For the public at large, the threat turned out to be nonexistent. For the "dead" crash dummy — too scrawny to be a security guard anyhow — it was all in a day's work. For the 17 responders on the scene, it was all just a test — and grades were being given.

The mock spill was the final exam for the Emergency Response to Hazardous Materials course offered to safety and fire students at HCC.

"The number one purpose of this is for the student credits," said Chulee Grove, professor and safety and health coordinator for HCC, and the course instructor. "And the number two is they all get a certificate that says they've met the OSHA requirements for those who work on hazardous waste sites."

Apart from a few minor glitches — someone forgot the broom, for example — Grove said the team did well.

The students worked effectively as a team, each member being responsible for a specific task.

Stan Espinosa, for instance, was in charge of directing the decontamination of the suited members at the end of the exercise. The process involved moving each member through a series of showers, rinses and scrubs designed to progressively remove more contaminants. Much of the cleansing is done over grating so that contaminants can drain into containers.

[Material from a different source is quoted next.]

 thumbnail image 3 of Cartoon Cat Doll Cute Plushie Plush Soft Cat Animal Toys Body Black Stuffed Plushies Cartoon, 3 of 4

"The last thing they do is to wash their inner gloves and rinse them, and then they drop their contaminated masks, gloves and microphones into a bucket that's picked up by a company and decontaminated," said Espinosa, a vocational rehabilitation trainee who has already accepted a job as safety director for a commercial sealant company. He starts the first of January.

Marilynn Ito-Won is the counselor for the Occupational And Environmental Safety Management program at HCC.

"This course is an elective part of that program," said Ito-Won, who watched the mock spill from the sidelines.

Her job is to recommend the OESM program to students who have the aptitude, ability and interest to be a safety manager, environmental specialist, or hazardous material technician, among other things.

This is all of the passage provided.